Am I just spoiled by text interpreters :frowning: .

it’s been a while, but I remember feeling that the UI was pretty frustrating. The main issue I recall is with the tabs: I remember clicking on a tab to try to find something interesting to do, and then returning to the tab I was just in, I’d find that the content that had been there before was changed. Perhaps you get used to this, but I felt as though the affordances for interaction thoroughly unpredictable.

I just recently started playing this again, since I’m teaching it in a class; if anyone wants to be my delicious friend, my associated Twitter name is @ObservantRumin.

Ok, it’s been a few days, and I’ve come to some reflections. Actually, this might read somewhat as a reiteration of what others have already said, but nevertheless:

Oh Glob! The Grinding

At the start, I was content to dabble in storylets in a undirected fashion. But after a while that wasn’t enough and I set myself some longer term goals. I decided that I’d like to go to university, and for that I needed higher watchfulness. It was then that I discovered that ventures require you to repeat the same storylets, sometimes upwards of a dozen times. This is not a good game design decision at all. If I have to reread the same content, I’ll skim read. If I skim read once then I’ll skim read again, and soon the whole reading experience is undermined.

Drip Feeding

At first I didn’t mind the limited action points. But then I became invested in what I was doing. Now it’s got to the point where I’ll switch over to the Fallen London tab, play the action that I wanted to play 10 minutes earlier, and most of the time it won’t be an action I’m actually interested in as it’s only a means to some future end. This has the unfortunate consequence that most of my interactions with the game are marked by ambivalence and impatience.

Oh the Stuff!

I love all the dozens of different qualities and kinds of qualities the character can have, and the variety and varying intensity of these qualities helps flesh out the idea of the character. I have the most fun tinkering with inventory items, and selling things at the bazaar to buy other things so that I can unlock inventory-related actions. This is fun because it takes some thought, requires taking calculated risks (am I going to need these diamonds later? What about all this rostygold?), and there’s a nice sense of pay-off when you get a fortunate result after juggling a whole load of resources, even if you just end up with a shed load of memories of distant shores that you can’t do anything with yet.

Varying Contact Contacts

There are loads of different contacts that you can have, which is a great feature for making the game feel richer and larger. The downside is that, as poor luck would have it, I rarely have the right kinds of contacts for any given contacts-requiring storylet. Like, I’ve got Connected: the Duchess coming out of my ears, but I’ve yet to see a storylet that needs it. Also, the way in which I’m connected is very abstract. Like, I’ve clearly never actually met the Duchess, yet I’ve met loads of Bohemians, and both of these are very high connections for me. It really seems to be tracking reputations among certain groups and individuals rather than any interpersonal connection.

Gold In Them There Hills

Despite the frustrations, Fallen London is a compelling world, the writing is a constant draw and I really do want to uncover some of the many mysteries of the setting. More than that, when it becomes available, I’m seriously tempted in having a go at making a game with the Story Nexus toolset. Like the Varytale stories, I think there’s a lot of mileage in this Quality-Based Narrative approach, and I’m looking forward to seeing what else comes out of it.

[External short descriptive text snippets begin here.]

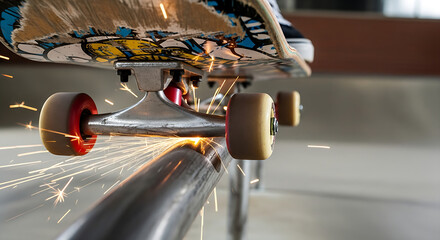 Skateboard grind action close up with sparks flying as rider performs trick on metal rail outdoors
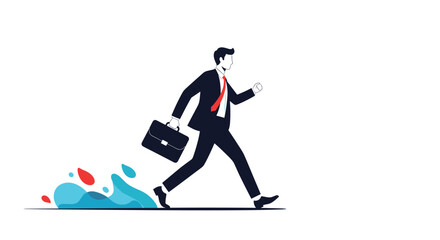 Businessman carrying a briefcase runs forward at high speed as a trail of blue and red water splashes energetically behind him.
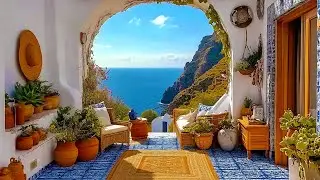 Bossanova Chill: 🌊 Ocean Terrace & Cliffside Views with Relaxing Music | Mediterranean Ambience 🌴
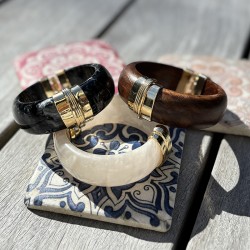Bracelet Jonc large résine PARADIS BLACK doré - Noir nacré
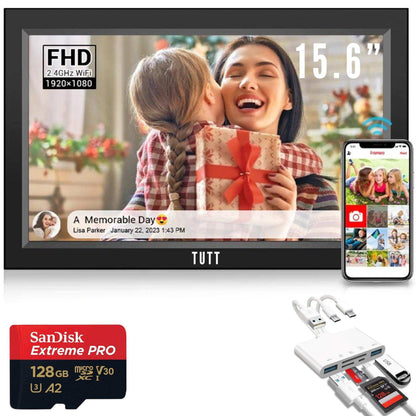 TUTT 15.6” Digital Photo Frame | WiFi IPS Touch Screen, Internal 32 GB | Frameo App | Tabletop or Wall-Mounted | 128GB Micro SD SanDisk + 5 in 1 Card Reader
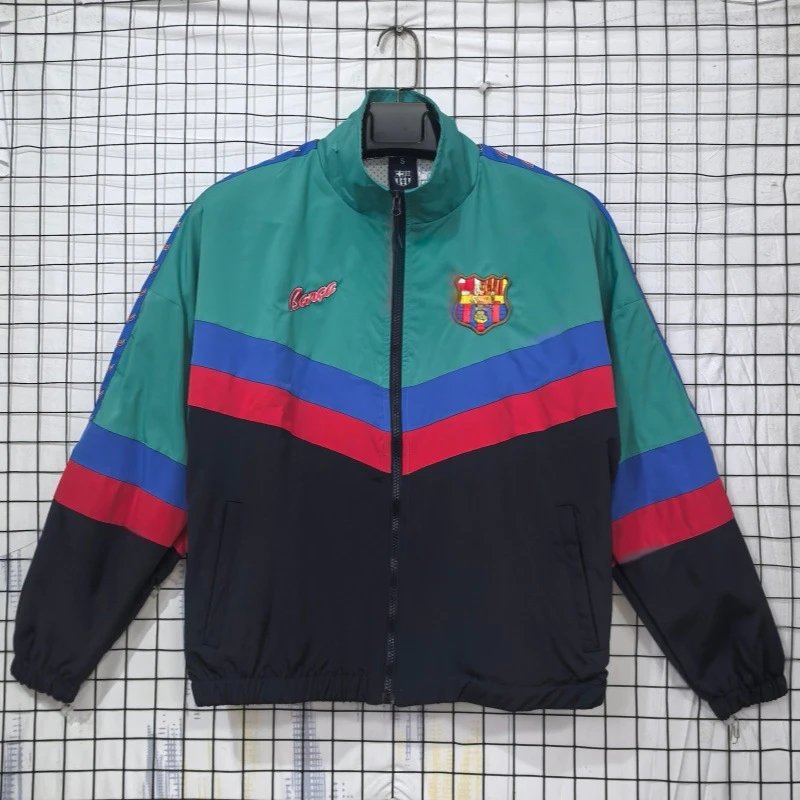 Unbranded Jackets Zip-Front National Football Team Track Jacket — Barcelona 9597 light green navy blue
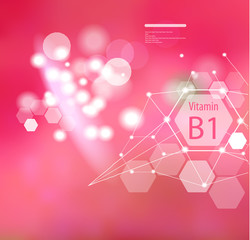 Vitamin B1 on an abstract background.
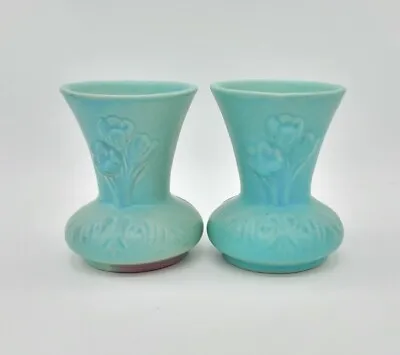 Pair Vintage Van Briggle Art Pottery Crocus Ming Green Turquoise  Mulberry Vase • $93.49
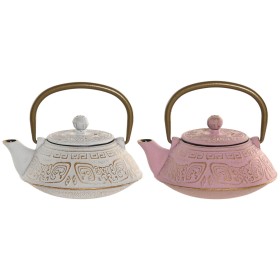Teapot Home ESPRIT White Pink Stainless steel Iron 400 ml (2 Units)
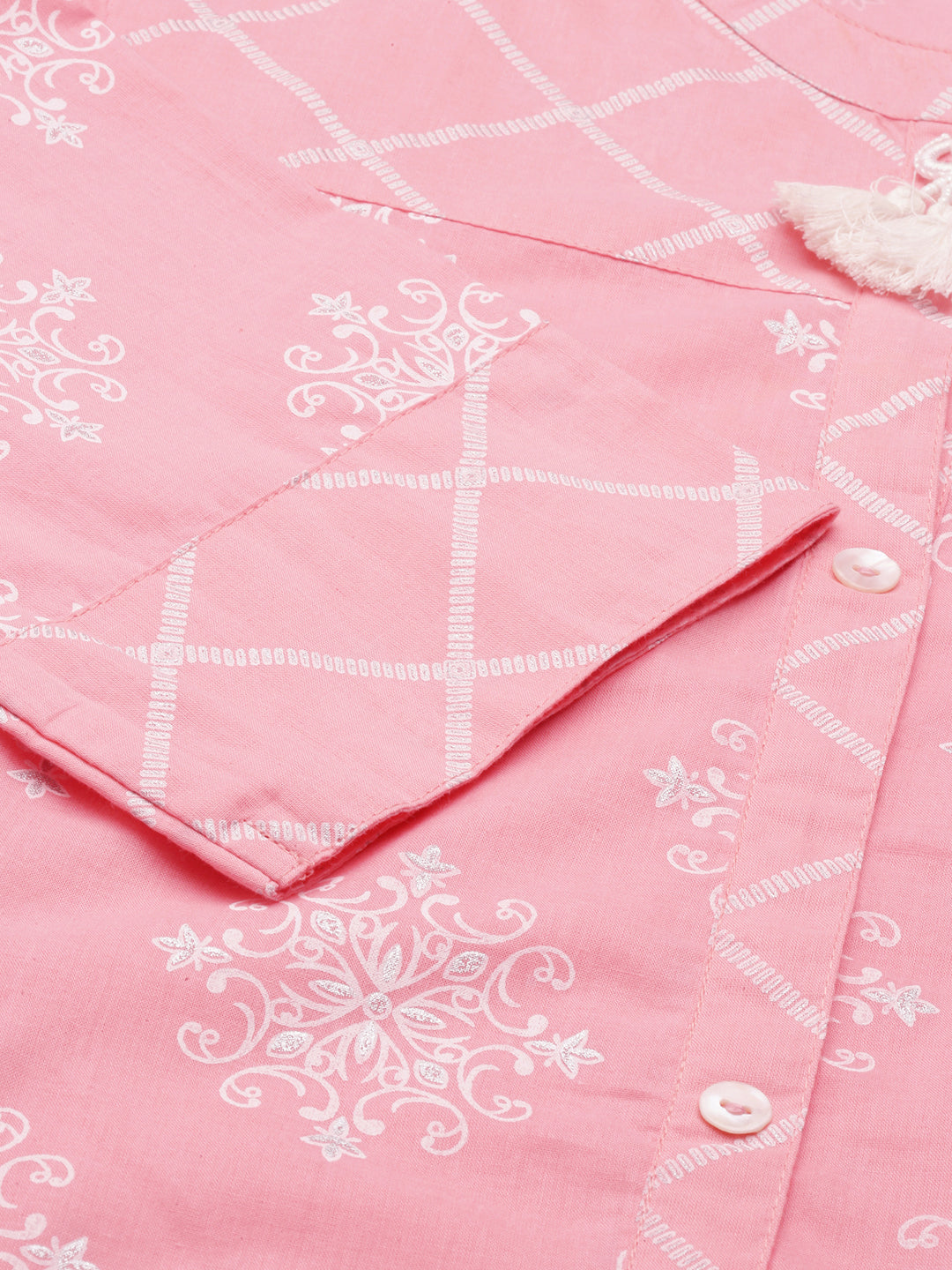 Women's Pink Solid A-Line Kurta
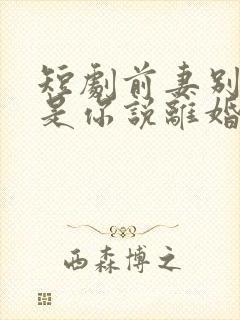 短剧前妻别哭了是你说离婚的全集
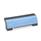 EN 630 Technopolymer Plastic Off-Set Enclosed Safety &quot;U&quot; Handles, Ergostyle®, with Counterbored Through Holes Color of the cover: DBL - Blue, RAL 5024, shiny finish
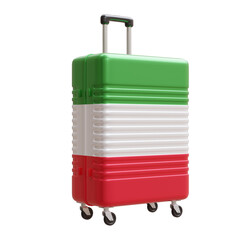 Travel to Italy. Italian flag suitcase isolated on white, transparent.  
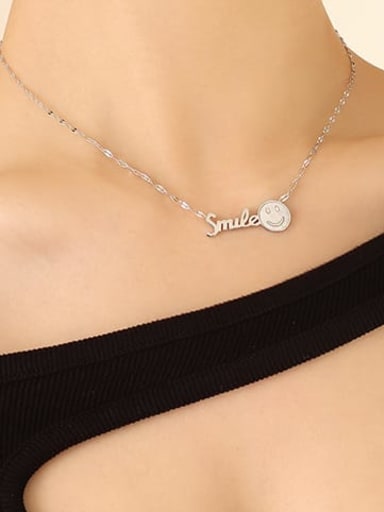 Titanium Steel Smiley Minimalist  Letter Pendant Necklace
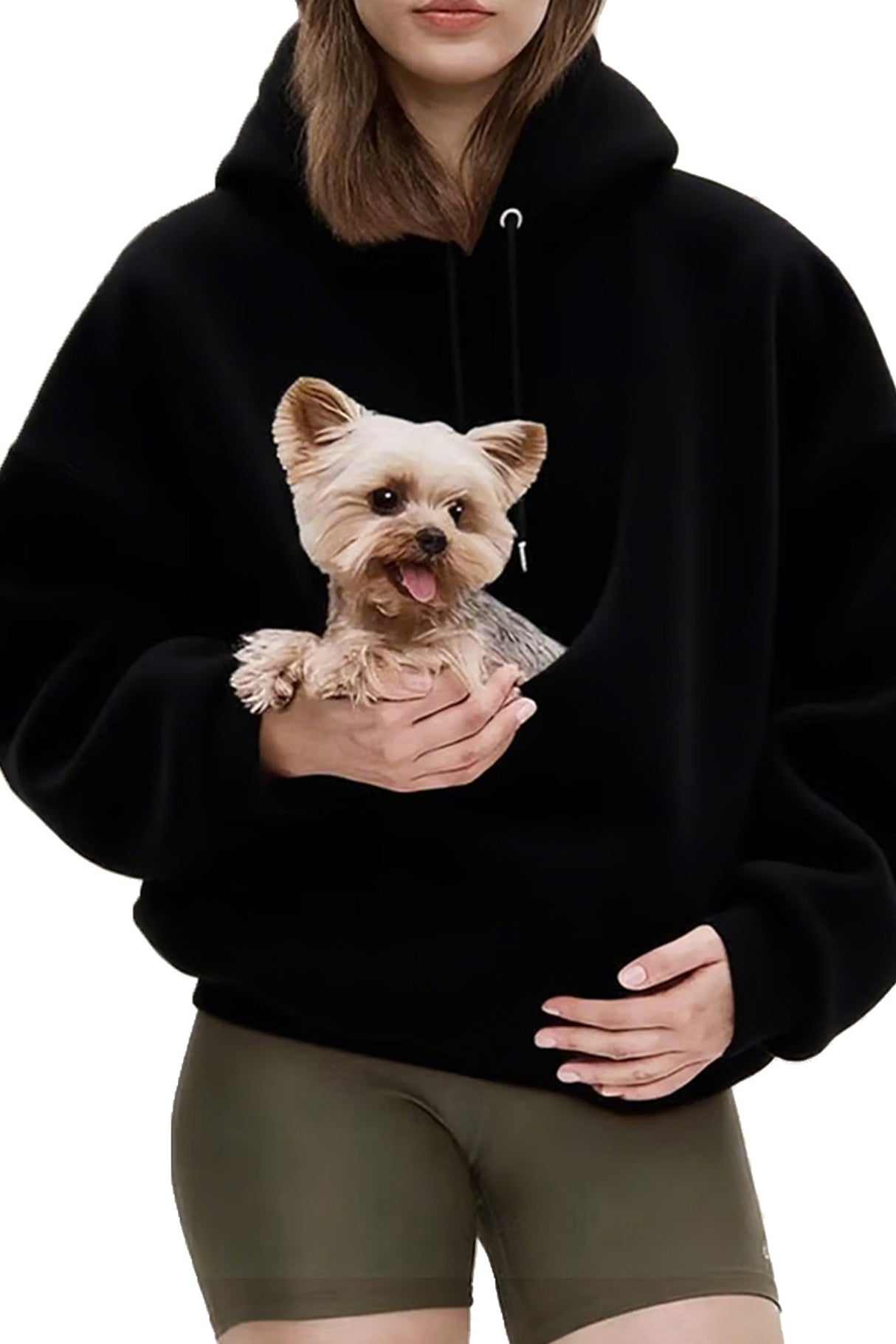 Solid Color Pet Pouch Oversized Plush Hoodie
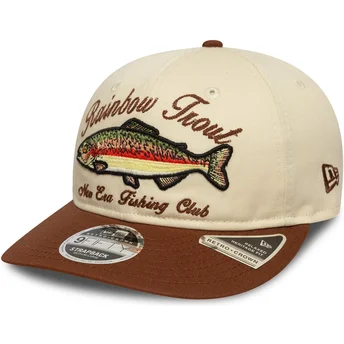 Cappellino curvo marrone regolabile 9FIFTY Retro Crown Outdoor Fishing Club di New Era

My wife told me about a somebody who was listening to some crime novel audio book, who was really surprised and confused about all the flashbacks and parts told out of sequence. Eventually she realized she accidentally had the audio player on random.

I don’t know, I just thought that was pretty cute. Fallen London is not really like that, but it is a funky platform. What’s most fascinating is that it feels like they’re not really using the platform to its full advantage. The storytelling could be better (like, maybe some actual characters you’d care about?), and the gameplay could also be better… But even so, I’m still playing it.

Yeah, I think they’re on to something. Or is it just the crazy world building that’s good? I’m not sure.

Reviving the thread - I’ve just begun a character there (name of Teaspoon, funnily enough.) and enjoying myself so much I’ve already bought a subscription.

Anyone else here currently playing this?

There are a lot of awesome community games on Storynexus if you want to check them out.
storynexus.com/s

I’m playing it! It’s my favourite way to waste time during boring office hours - the game is wonky and grindy and full of problems, I know, but I love the setting and the community is full of nice people.

My character is Daniel. Send him chess invitations, he likes to play.

Admittedly I’m only dipping into it now to see what they’ve done with Seeking Mr Eaten’s Name. Otherwise… so much grinding, and it was hard for me to keep track of storylines. (Though I liked the Jack of Smiles story.) (I found Sunless Sea more compact and with stronger storylines, tbh)

I’m, surprisingly enough, Verity Virtue on there.